Les autres avancées du texte

Le collège d’Eurojust n’aura pas de rôle décisionnel mais pourrait émettre des avis non contraignants, notamment en cas de conflit de compétence.

En matière de relation avec les États tiers, Eurojust pourrait mettre en place des magistrats de liaison sous réserve d’un accord avec l’État tiers approuvé par le Conseil statuant à la majorité qualifiée.

Le financement d’Eurojust ne fait pas encore l’objet d’un accord unanime, certains États préférant qu’Eurojust soit financé par des contributions d’États membres (le texte actuel prévoit que les membres nationaux et leurs adjoints seraient rémunérés par leur État et que les dépenses liées à leurs activités dans le cadre d’Eurojust seraient prises en charge par le budget d’Eurojust en tant que dépenses opérationnelles).

Enfin, Eurojust ne serait pas une agence de l’Union européenne, selon les dernières versions du texte en négociation.

En conclusion, le présent projet de décision constitue une avancée significative et doit être soutenu bien qu’un certain nombre de points aient été largement remaniés au cours des négociations. Il constitue une priorité de la présidence française en matière de coopération judiciaire pénale.

*

* *

L’exposé de M. Guy GEOFFROY , rapporteur, a été suivi d’un court débat.

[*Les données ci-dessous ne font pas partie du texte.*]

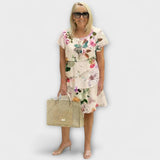 Florales Eleganzkleid mit Blumenprint, kurze Ärmel, Volantrock, cremefarben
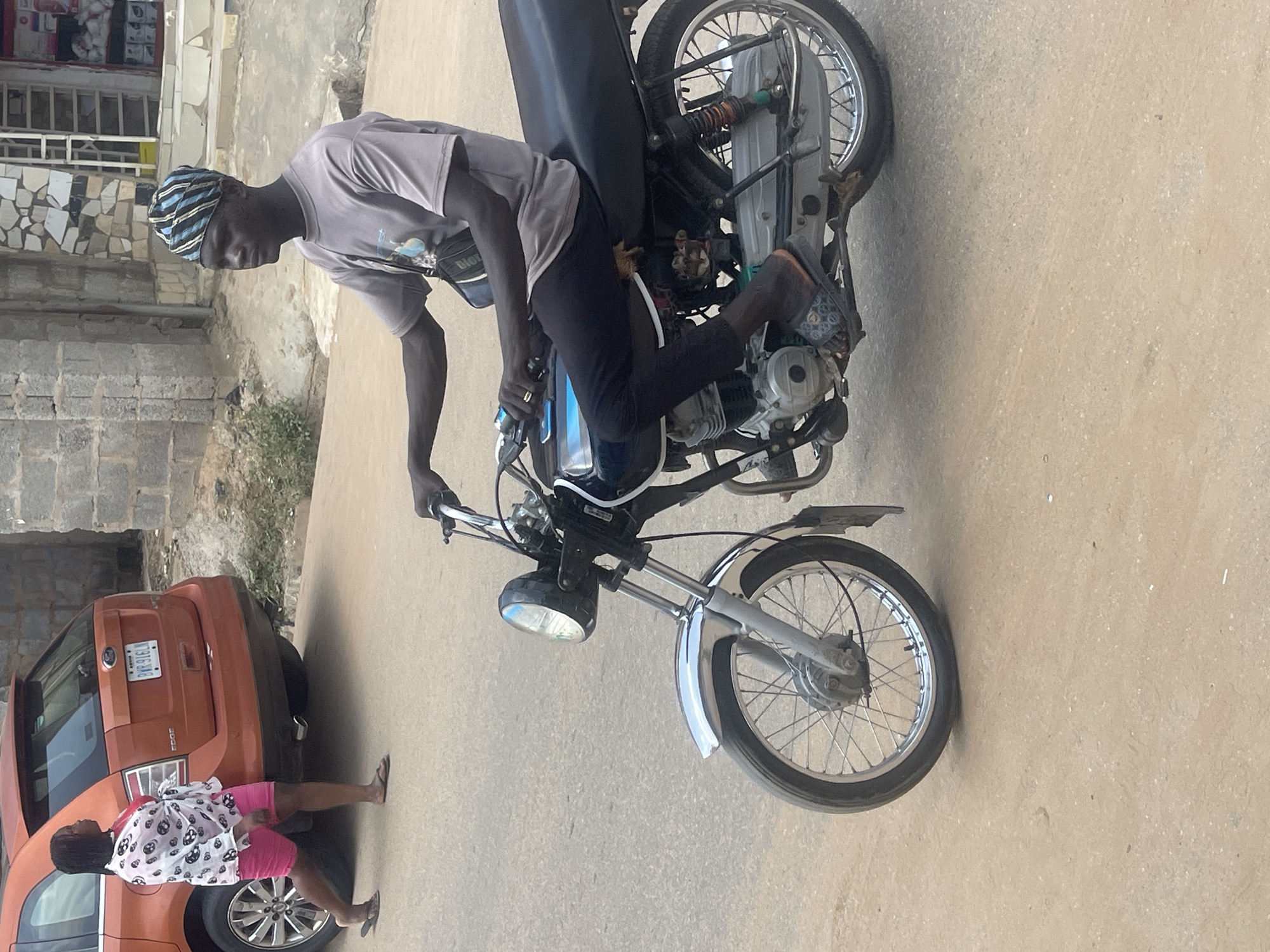 The image shows a young Black man riding a motorcycle in what appears to be a residential or commercial area in Abuja, Nigeria. He is wearing a grey t-shirt, black trousers, and a blue and black striped headwrap. He has a ring on his left hand. The motorcycle is silver and black, with a visible engine and exhaust pipe. The front wheel of the motorcycle is prominent in the foreground, with a round headlight.
In the background, to the left of the motorcycle, is an orange SUV. A young Black woman is standing next to the rear of the SUV, facing away from the camera. She is wearing a white and black patterned top and pink shorts. She is also wearing flip-flops.
The scene is set on a paved surface, likely a road or sidewalk. The buildings in the background are made of brick and stone. The lighting suggests it is daytime, with no clear indication of the specific time or weather conditions. The overall atmosphere seems casual and everyday.
There is visible text on the license plate of the orange SUV, which reads "K1916-AB". There is also some text on the man's t-shirt, which is difficult to read but appears to be a graphic design with some lettering.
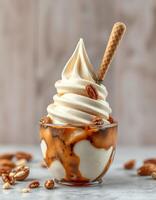 Delicious soft serve ice cream topped with caramel sauce and nuts served in a clear cup photo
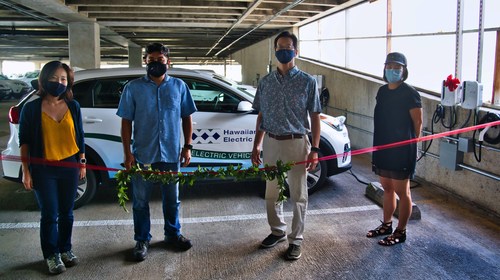 Members of the Hawaiian Electric Electrification of Transportation department, Hawaiian Electric Fleet, and Elemental Excelerator at the ribbon-cutting for for the pilot’s four charging stations managed by AMPLY Power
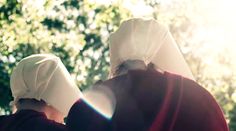 two women dressed in white are walking through the sunlit forest with their backs to each other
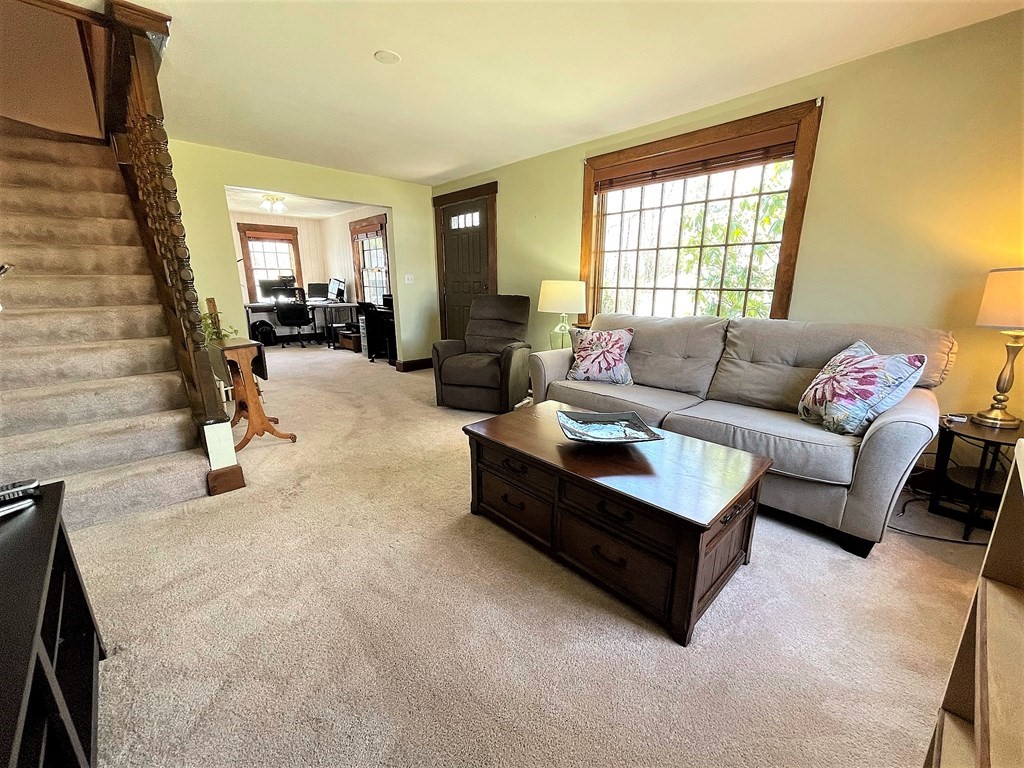15 Shepard Road Sturbridge, MA 01566 - Photo 18 of 38 a living room with furniture and a fireplace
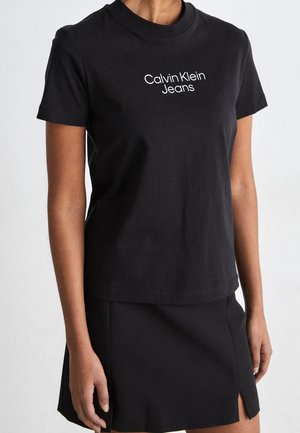 Femme portant un t-shirt noir à col rond avec le texte « Calvin Klein Jeans » imprimé en blanc, associé à une jupe noire fendue à l'avant.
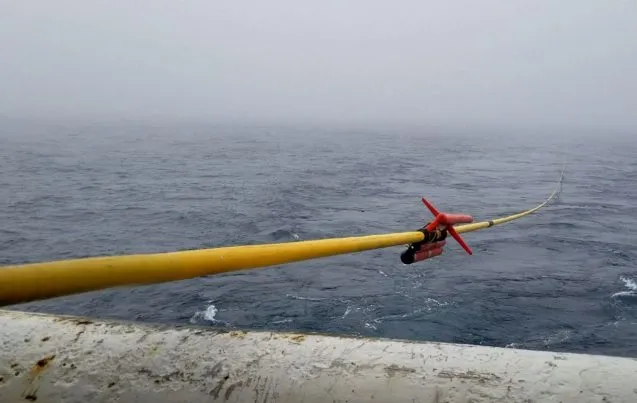 cable extending behind the ship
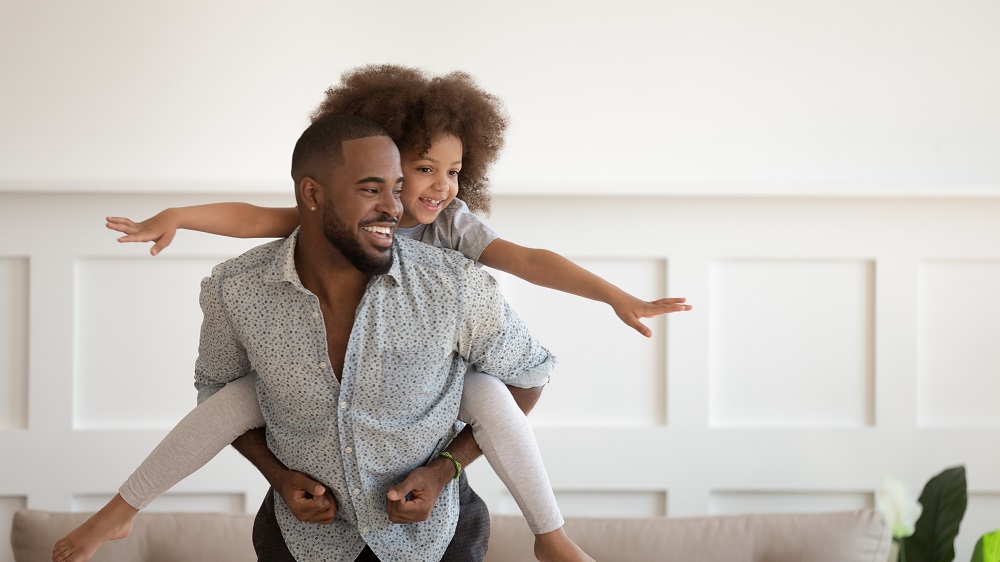 father and daughter having fun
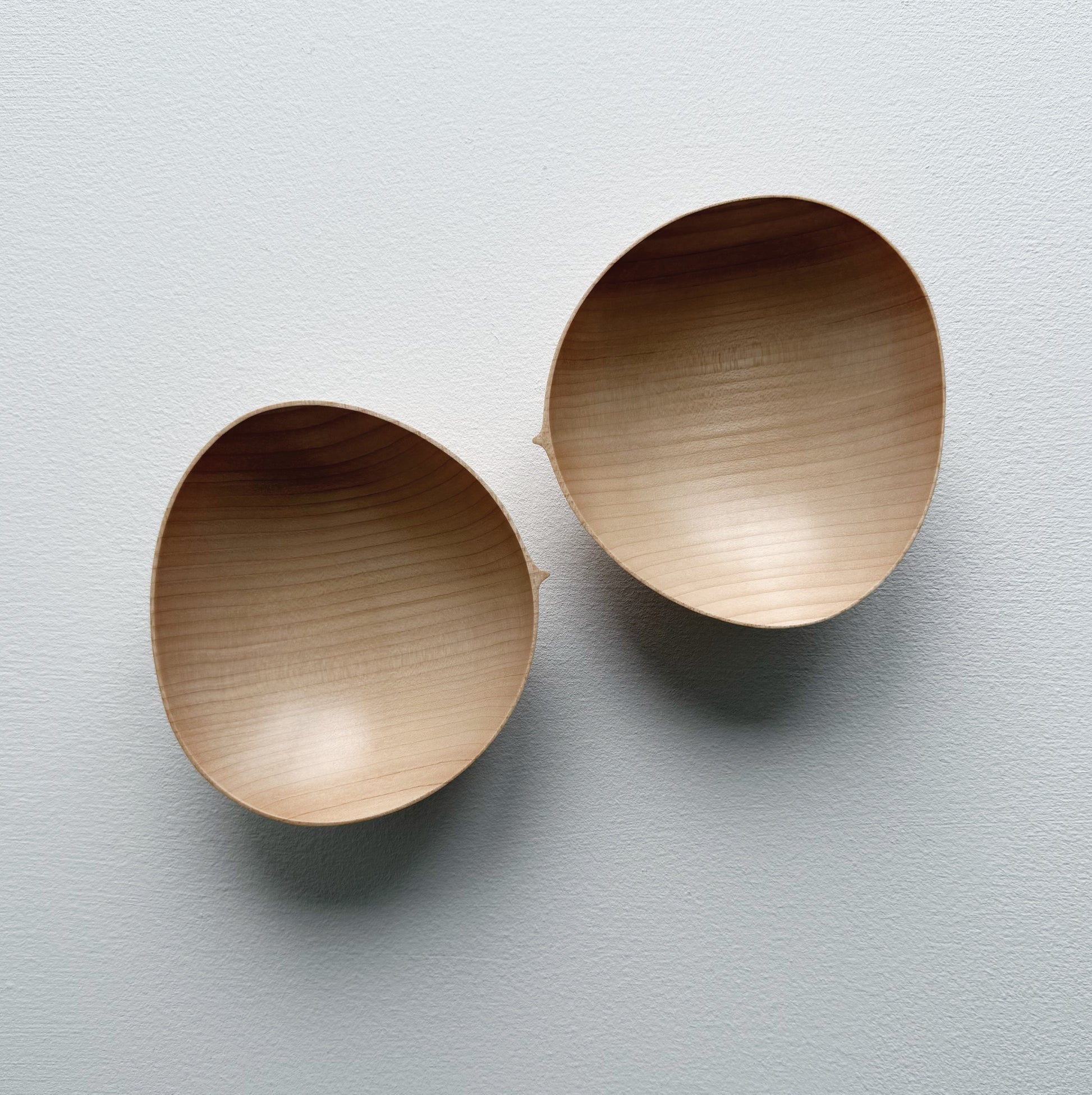 Pair of oval bowls in dark sycamore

M. Jacques MYARD a estimé que la coopération judiciaire était une nécessité mais qu’Eurojust posait un problème différent, dans la mesure où il serait compétent pour poursuivre des actes délictueux contre les intérêts de l’Union européenne, par exemple en matière de fraude. Il a souhaité savoir si, dans l’esprit de la proposition, ce parquet serait indépendant, ce qui n’est heureusement pas le cas en France.

M. Guy GEOFFROY , rapporteur, a répondu qu’il ne deviendrait pas indépendant parce qu’il ne devait pas le devenir. Dans l’hypothèse de poursuites à l’échelle européenne dans l’intérêt de la lutte contre la criminalité transnationale, il serait possible de se servir d’Eurojust comme d’un instrument a minima . Il agira de toute façon sous l’égide du Conseil, et il reviendra au Conseil de définir les conditions de création d’un parquet à partir d’Eurojust et les pouvoirs de ce parquet. L’indépendance n’est pas souhaitable ; en France, le parquet est sous l’autorité du Garde des Sceaux et applique les orientations générales du Gouvernement dans sa politique pénale.

M. Jacques MYARD , prenant l’exemple de fraudes sur les aides agricoles européennes dans un département insulaire, a observé qu’elles étaient constitutives d’un délit en droit français et que la Commission pouvait envoyer sur place des inspecteurs et saisir le parquet en France. L’échange d’informations peut être utile mais on peut s’interroger sur la nécessité de la volonté politique de mettre en avant Eurojust. M. Jacques MYARD a donc indiqué qu’il s’abstiendrait sur la proposition.

Le Président Michel HERBILLON a remercié le rapporteur d’avoir inscrit ses conclusions dans le contexte de la présidence française. Il a souligné que les citoyens européens attendaient des résultats concrets à travers le renforcement de la coopération judiciaire et pénale, afin de mieux lutter contre la criminalité transnationale.

Puis la Délégation a approuvé le texte.

(1) Rapport annuel d’Eurojust 2007.
(2) A titre d’exemple, la durée des mandats varie de un an à une durée indéfinie. Communication de la Commission sur le rôle d’Eurojust et du réseau judiciaire européen dans le cadre de la lutte contre le crime organisé et le terrorisme dans l’Union européenne, 23 octobre 2007, COM (2007) 644 final.